Housing has been one of the major issues throughout this year’s state election campaign. And much has been said about what needs to be done to resolve it.
There is no doubt that Tasmania is facing a crisis in housing. House prices are rising at an extraordinary rate and many people are being squeezed out of the market.
In one sense, it is a classic tale of demand outstripping supply. There are more people wanting to buy houses than there are houses to buy.
Investors have entered the market and are buying up big. The low interest rates, resulting in low returns on capital invested, have encouraged more people to look at property as an investment that can provide a good return.
Many of these investors are from the mainland.

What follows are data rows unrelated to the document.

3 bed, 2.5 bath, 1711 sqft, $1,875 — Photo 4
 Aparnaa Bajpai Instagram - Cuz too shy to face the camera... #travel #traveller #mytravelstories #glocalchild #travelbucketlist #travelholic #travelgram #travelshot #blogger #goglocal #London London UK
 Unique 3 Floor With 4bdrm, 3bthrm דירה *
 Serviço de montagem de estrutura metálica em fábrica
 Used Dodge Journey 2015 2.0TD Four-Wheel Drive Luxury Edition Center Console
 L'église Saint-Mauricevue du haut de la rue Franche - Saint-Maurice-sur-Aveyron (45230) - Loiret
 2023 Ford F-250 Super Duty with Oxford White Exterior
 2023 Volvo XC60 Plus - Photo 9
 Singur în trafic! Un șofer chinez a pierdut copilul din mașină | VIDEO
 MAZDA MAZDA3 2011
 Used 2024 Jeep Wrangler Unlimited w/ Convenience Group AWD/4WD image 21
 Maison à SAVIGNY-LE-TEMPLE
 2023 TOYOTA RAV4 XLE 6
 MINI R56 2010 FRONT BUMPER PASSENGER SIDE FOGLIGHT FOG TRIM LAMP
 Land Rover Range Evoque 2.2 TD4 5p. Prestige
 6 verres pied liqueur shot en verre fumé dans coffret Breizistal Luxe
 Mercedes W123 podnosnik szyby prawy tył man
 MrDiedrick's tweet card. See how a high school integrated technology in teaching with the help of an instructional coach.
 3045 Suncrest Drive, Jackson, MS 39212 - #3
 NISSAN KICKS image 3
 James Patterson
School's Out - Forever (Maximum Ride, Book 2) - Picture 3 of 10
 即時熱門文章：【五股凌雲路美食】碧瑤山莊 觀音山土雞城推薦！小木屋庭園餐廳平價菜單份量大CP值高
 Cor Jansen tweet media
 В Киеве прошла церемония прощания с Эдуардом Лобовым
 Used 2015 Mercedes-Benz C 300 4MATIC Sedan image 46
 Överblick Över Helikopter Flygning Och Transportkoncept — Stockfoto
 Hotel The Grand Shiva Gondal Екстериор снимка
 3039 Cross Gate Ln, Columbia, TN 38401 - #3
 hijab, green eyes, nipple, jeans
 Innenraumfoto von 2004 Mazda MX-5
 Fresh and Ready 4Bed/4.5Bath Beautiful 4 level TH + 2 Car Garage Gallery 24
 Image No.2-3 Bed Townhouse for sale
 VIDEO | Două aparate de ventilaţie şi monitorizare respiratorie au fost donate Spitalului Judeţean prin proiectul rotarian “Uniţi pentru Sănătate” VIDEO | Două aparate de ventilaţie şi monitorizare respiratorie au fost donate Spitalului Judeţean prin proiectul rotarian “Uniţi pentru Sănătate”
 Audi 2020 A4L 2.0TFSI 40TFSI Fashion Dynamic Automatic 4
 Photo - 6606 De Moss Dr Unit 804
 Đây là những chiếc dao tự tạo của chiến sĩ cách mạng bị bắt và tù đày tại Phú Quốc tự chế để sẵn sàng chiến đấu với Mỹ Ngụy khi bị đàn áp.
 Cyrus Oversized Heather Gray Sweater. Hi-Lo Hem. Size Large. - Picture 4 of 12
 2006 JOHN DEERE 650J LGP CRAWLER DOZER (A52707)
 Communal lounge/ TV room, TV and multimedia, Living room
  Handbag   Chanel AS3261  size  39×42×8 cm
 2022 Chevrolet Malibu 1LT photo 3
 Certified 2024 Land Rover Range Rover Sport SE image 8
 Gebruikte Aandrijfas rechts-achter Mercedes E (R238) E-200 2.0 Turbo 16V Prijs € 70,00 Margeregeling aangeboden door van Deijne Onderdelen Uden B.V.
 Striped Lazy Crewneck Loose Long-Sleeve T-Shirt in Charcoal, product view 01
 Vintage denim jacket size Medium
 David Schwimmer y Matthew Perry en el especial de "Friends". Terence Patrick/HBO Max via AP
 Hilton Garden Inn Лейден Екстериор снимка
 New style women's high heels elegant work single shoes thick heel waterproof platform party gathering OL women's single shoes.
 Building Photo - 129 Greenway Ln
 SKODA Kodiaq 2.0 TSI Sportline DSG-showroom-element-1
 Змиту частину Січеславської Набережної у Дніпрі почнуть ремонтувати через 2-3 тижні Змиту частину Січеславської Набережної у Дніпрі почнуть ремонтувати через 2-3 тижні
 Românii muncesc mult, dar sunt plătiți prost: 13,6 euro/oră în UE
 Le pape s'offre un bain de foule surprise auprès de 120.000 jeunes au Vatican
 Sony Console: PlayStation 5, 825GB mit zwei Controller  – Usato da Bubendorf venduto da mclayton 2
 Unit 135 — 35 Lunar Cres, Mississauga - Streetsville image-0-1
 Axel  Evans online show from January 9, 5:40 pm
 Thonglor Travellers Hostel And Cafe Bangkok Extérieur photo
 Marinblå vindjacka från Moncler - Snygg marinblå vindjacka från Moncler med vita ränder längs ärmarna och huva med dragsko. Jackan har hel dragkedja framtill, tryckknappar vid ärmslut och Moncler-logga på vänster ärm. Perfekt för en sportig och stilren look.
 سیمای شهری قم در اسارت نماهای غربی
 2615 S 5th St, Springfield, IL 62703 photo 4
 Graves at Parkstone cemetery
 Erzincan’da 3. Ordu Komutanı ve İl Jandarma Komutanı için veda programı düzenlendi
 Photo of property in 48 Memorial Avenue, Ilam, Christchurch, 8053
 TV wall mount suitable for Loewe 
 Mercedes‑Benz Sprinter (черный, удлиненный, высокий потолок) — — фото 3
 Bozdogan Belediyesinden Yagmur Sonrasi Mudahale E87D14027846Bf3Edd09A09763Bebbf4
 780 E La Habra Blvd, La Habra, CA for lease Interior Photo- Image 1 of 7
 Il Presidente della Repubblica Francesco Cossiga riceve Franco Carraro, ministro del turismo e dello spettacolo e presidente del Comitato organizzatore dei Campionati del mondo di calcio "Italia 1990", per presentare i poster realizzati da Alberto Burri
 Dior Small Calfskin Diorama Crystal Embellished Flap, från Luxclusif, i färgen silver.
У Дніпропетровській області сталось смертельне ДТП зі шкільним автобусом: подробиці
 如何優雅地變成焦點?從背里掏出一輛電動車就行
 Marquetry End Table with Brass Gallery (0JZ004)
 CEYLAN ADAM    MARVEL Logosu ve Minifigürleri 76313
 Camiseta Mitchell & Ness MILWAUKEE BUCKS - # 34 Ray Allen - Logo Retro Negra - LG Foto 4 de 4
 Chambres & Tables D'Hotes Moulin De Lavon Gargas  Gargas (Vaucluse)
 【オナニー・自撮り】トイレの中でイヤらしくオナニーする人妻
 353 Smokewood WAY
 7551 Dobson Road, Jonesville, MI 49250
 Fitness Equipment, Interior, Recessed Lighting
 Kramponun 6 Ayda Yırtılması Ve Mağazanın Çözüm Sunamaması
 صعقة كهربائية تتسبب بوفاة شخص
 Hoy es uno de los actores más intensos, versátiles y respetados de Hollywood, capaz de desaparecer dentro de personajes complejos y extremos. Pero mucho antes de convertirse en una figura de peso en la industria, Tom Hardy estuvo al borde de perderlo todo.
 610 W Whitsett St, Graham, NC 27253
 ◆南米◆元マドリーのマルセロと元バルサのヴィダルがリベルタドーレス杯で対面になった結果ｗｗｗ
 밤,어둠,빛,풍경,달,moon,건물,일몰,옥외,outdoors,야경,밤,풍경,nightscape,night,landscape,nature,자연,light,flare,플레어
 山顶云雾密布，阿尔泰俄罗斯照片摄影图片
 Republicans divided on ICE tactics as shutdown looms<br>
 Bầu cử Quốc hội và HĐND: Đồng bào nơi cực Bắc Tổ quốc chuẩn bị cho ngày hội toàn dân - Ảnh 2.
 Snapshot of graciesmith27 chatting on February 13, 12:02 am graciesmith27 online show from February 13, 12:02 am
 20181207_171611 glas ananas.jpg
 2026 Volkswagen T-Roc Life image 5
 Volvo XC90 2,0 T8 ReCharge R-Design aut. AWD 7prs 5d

For them, the Tasmanian market is an easy choice as it is often significantly less expensive than their ‘home’ market where prices are even higher. The issue of some concern here is that they are not selling to buy, instead just buying, and are consequently soaking up the available housing stock.
Adding to the demand paradigm is the low interest rate regime and other forms of government support, enabling people to borrow who otherwise would be in no position to do so.
Until recently the government has been disengaged from the problem, believing the private sector can manage the swings and roundabouts of the market, with not-for-profit organisations being encouraged to manage the increase in demand for social housing.
However, as the social consequences have become more politically sensitive, government has become more strongly engaged and is providing support for builders to build, and now talks of a construction-led recovery.
One of the critical issues that has not been addressed in this debate is the role that planning has played in allowing the housing shortage to occur.
One cannot just go out and build a house.
Planning laws, zoning laws and the myriad regulations surrounding them ensure that development can only occur at a snail’s pace. While town planners and traffic academics argue over whether inner city and infill development is a more preferable option, housing developments continue to occur in the outer suburbs. However, both options are constrained.
Making land available for housing can involve zoning issues associated with change of use, and as such can take time to resolve. Even the government’s own social housing projects are being held back by some prescriptive development requirements.
Although there has been an effort made over the last few years to establish a state-wide planning system, and with some success, individual councils still have discretion over what can and cannot occur within their boundaries. This has led to significant confusion and frustration.
Steering through this involves a working knowledge of both the state-wide Tasmanian Planning Scheme and the various and diverse local planning provisions. Many councils are still being managed under interim planning schemes while final schemes are being drafted and assessed.
One of the constraints in releasing land for subdivision, is the zoning provision known as the Urban Growth Boundary. It was designed to reign in urban sprawl, but over time has become a barrier to the release of land, thus causing an artificial increase in land value. As cities grow and change, so also should the zoning provisions.
The Urban Growth Boundary was largely designed to encourage inner city infill. As much as this might be appropriate, if higher density living is to be encouraged, then the essential other side of the coin is to ensure a greater flexibility in its design elements. Otherwise, it simply encourages a landscape monotone and becomes self-defeating.
Although provisions are indented to legislate for good design, but these are always doomed to fail because it has become a race to the bottom in terms of over-prescribing what can and cannot be done, leaving little, if any, discretion to the developer.
A recent Ministerial Directive came into being earlier this year with minimal prior consultation, and contains rules surrounding exemptions and requirements surrounding Interim Planning Schemes. It is 56 pages long and is extremely complicated to follow.
Matters that come before the Planning Appeal Tribunal have to follow certain procedures, and the practice directions for doing so are over 80 pages long.
What was meant to make decision-making easier and quicker has now become a battleground for lawyers. This has led to further expense and delay. In fact, the planning rules generally have become so obtuse and difficult, it requires a lawyer skilled in planning law to steer the way through the morass of legislation.
And as Justice Alan Blow said 10 years ago, when referring to Kingborough’s former planning scheme,
“The planning scheme is very complex, and exceedingly and unnecessarily difficult to comprehend or interpret”.
And further on:
“Most ordinary people would not have a chance”. “It is practically essential to have a law degree, decades of experience in interpreting legal documents… and a very strong capacity for perseverance”.
It should not be like this. While housing is taking centre stage in this election, the controlling entity behind the problem is the restrictive planning provisions, and these must be addressed if the housing crisis is to be resolved.